FIGURE 7.

PI3K pathway activation status differentially affected changes in histone modifications as well as p65 binding to MTOR promoter. A, Nrf2 overexpression led to its increased binding to MTOR promoter. This led to different results depending on the activation state of PI3K pathway. In A549 and H358, which have physiologic PI3K pathway, increased Nrf2 binding led to increased H3-K4me3 signal parallel to a small decrease in H3-K27me3 and in p65 binding. In H460 and MDA468, both hosting abnormally activated PI3K pathway, increased Nrf2 binding resulted in higher p65 binding and higher H3-K27me3 signal, concomitant with a decrease in H3-K4me3 levels. In T47D cells, Nrf2 induction did not result in significant increase in Nrf2 binding, and no significant change was observed in H3-K27me3 and H3-K4me3 signals as well as p65 binding.

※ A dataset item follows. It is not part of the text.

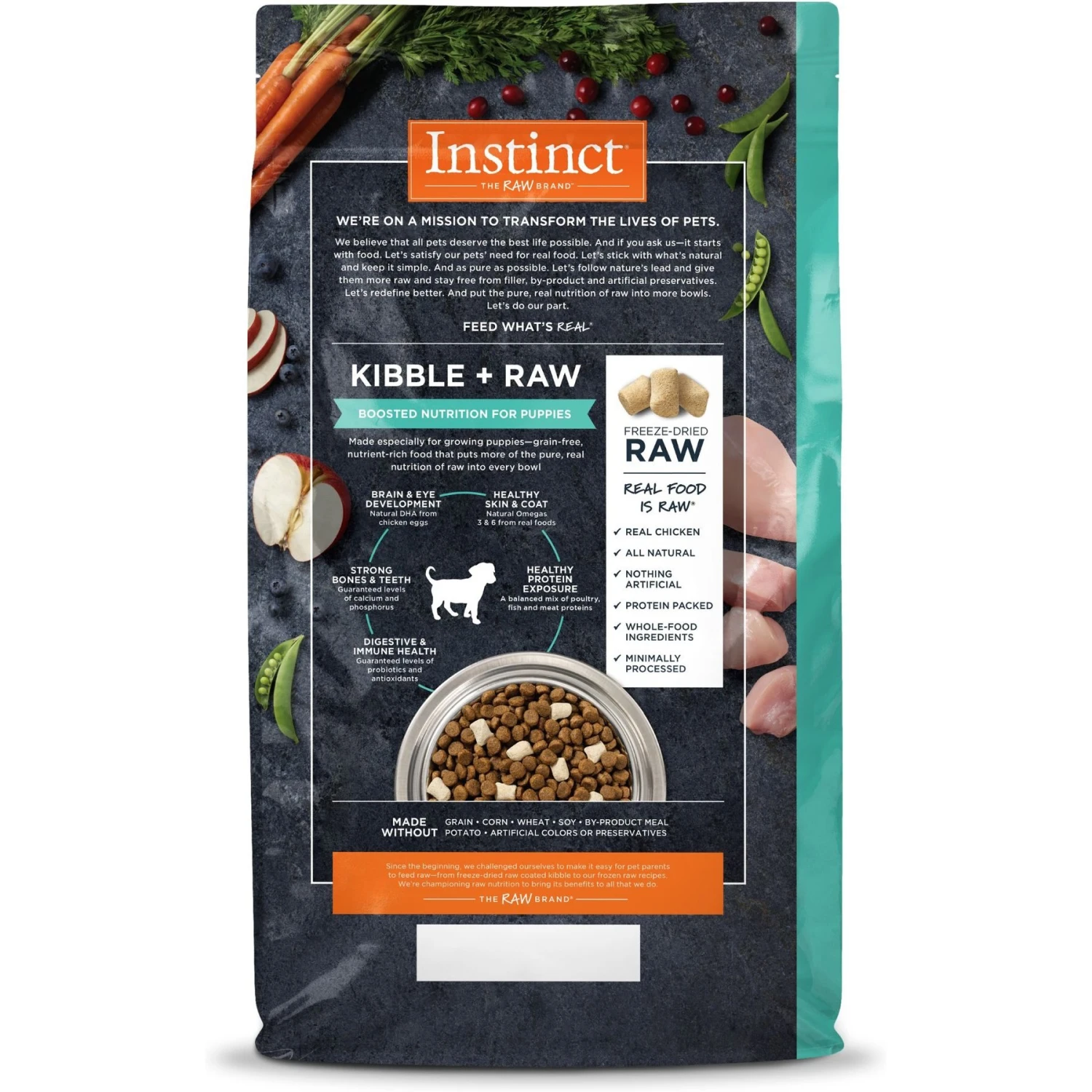 Instinct Raw Boost Puppy Grain-Free Recipe With Real Chicken & Freeze-Dried Raw Pieces Dry Dog Food - Image 2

B, Nrf2 overexpression led to its increased binding to NQO1 promoter. This led to decreased H3-K27me3 signal and p65 binding, whereas no significant change was observed in H3-K4me3 mark in A549 and H358 cells. In H460, MDA468, and T47D, H3-K27me3 mark and p65 binding were increased, whereas H3-K4me3 was significantly increased in H460 and MDA468 cells. -Fold increase data are expressed as the mean ± S.D. of three different experiments. *, p < 0.05; **, p < 0.01; ***, p < 0.001 compared with pcDNA-transfected controls.